48 oz. shortening (You'll want to use Crisco. We tried the store brand. It didn't work as well.)
32 oz. coconut oil
16 oz. olive oil
6 qt. sauce pan for partially melting the shortening and coconut oil (this can be a good pan...you'll only use it for melting the oils)
The following items you'll need to be kept just for soap making...never use these items for cooking!
8 qt. stainless steel pot
large wooden spoon
large rubber spatula
Mold for pouring soap into (I use an old toy bin)
First melt shortening and coconut oil in a saucepan on low. Once melted, turn off. (You can skip this step and just add the oils to the lye/milk mixture when the lye/milk mixture is ready, but I prefer to not have to deal with clumps splashing the liquids around. It will take a bit longer to saponify -- chemically blend.)
Place partially frozen milk into soap making pot. Very carefully pour lye into pot while stirring with an old wooden spoon. Be very careful not to inhale the fumes. We did this outside, but you can do it inside near an open window. We took extra precautions to wear face masks and have vinegar near by. Should you get splashed by the lye put vinegar on your skin to neutralize the base of the lye.
Once the milk is well mixed with the lye, carefully pour the melted shortening and coconut oil in. Add in the olive oil.
Mix with the stick blender. **Be careful not to lift the running blender out of the pot!** The mixture can burn you. It won't burn you in the sense that it's hot, but that the chemical in the lye will burn your skin. Blend until the soap mixture starts to thicken. It's called "trace". When you can shut off the blender, lift it out of the pot and drizzle a line of soap on top and it stays in it's drizzled line for a few moments, then it's "trace".
Now your soap is ready to pour into the mold! This is the exciting part! Pour it in, tap the container on the table a bit to get out air bubbles. Cover with a lid of some sort (box, cookie sheet, etc.) and a blanket and in about 12-24 hours cut it into bars. (When it seems stiff enough to hold the cut, but not too stiff to cut, you be the judge, then it's ready. Depends on dampness in the air and how cool/warm it is.)

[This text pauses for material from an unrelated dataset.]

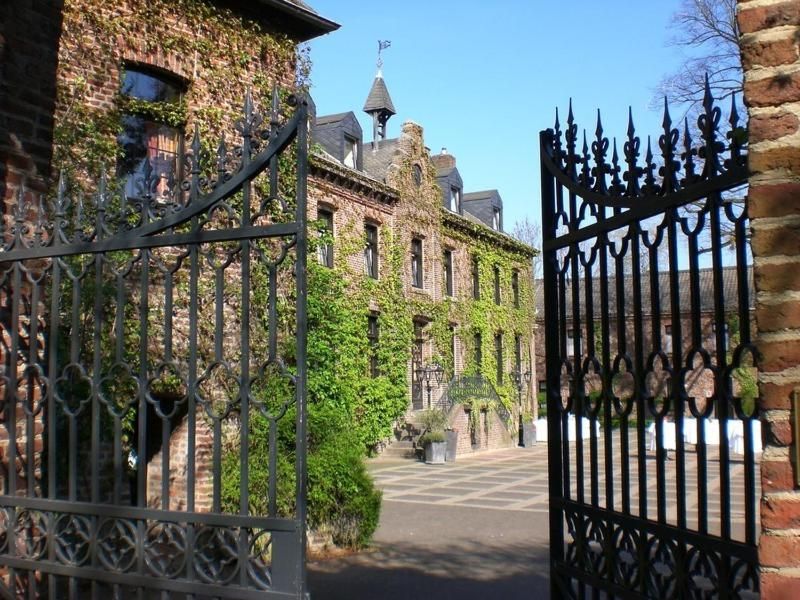 Burg Wegberg Hotel &  Eventlocation Bild 2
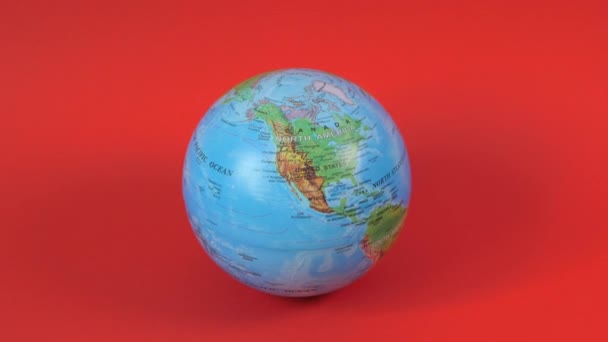 Planeta Tierra Está Girando Sobre Fondo Rojo Geografía Educación Ecológica — Vídeos de Stock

The longer the soap sits the longer the bar will last. I sell it after it's cured for 2 weeks. If it's sat for 2 months then even better, but I can't help myself. I like to try the soap as soon as I can! *smile*
A few notes about soap, lye, etc. ...
*You can't make soap without lye. Really. You can make milled soap with already made soap and then pour into molds, etc., to get around coming in contact with lye, but all soap comes from a mixture of lye, liquids and fats.

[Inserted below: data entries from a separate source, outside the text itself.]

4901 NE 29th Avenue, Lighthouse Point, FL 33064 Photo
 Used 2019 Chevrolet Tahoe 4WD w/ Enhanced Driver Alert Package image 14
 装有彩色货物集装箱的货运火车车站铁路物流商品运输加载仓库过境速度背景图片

*Lye can burn your skin...powder form, liquid form, in the soap before it cures.
*Most soaps you buy at the store has had the glycerin removed and therefore not as good and healthy for your skin as natural soaps.
*While I realize Wikipedia is not the source for all information they have a good overview of soap HERE.
*All sorts of fun things can be added to soap! I have made oatmeal and honey and I'm working on a recipe for pumpkin pie soap! The possibilities are endless!
*I'm sure there are people out there who are well-versed in soapmaking. Please feel free to chime in with your tips, etc. The above mentioned is what has worked well for me.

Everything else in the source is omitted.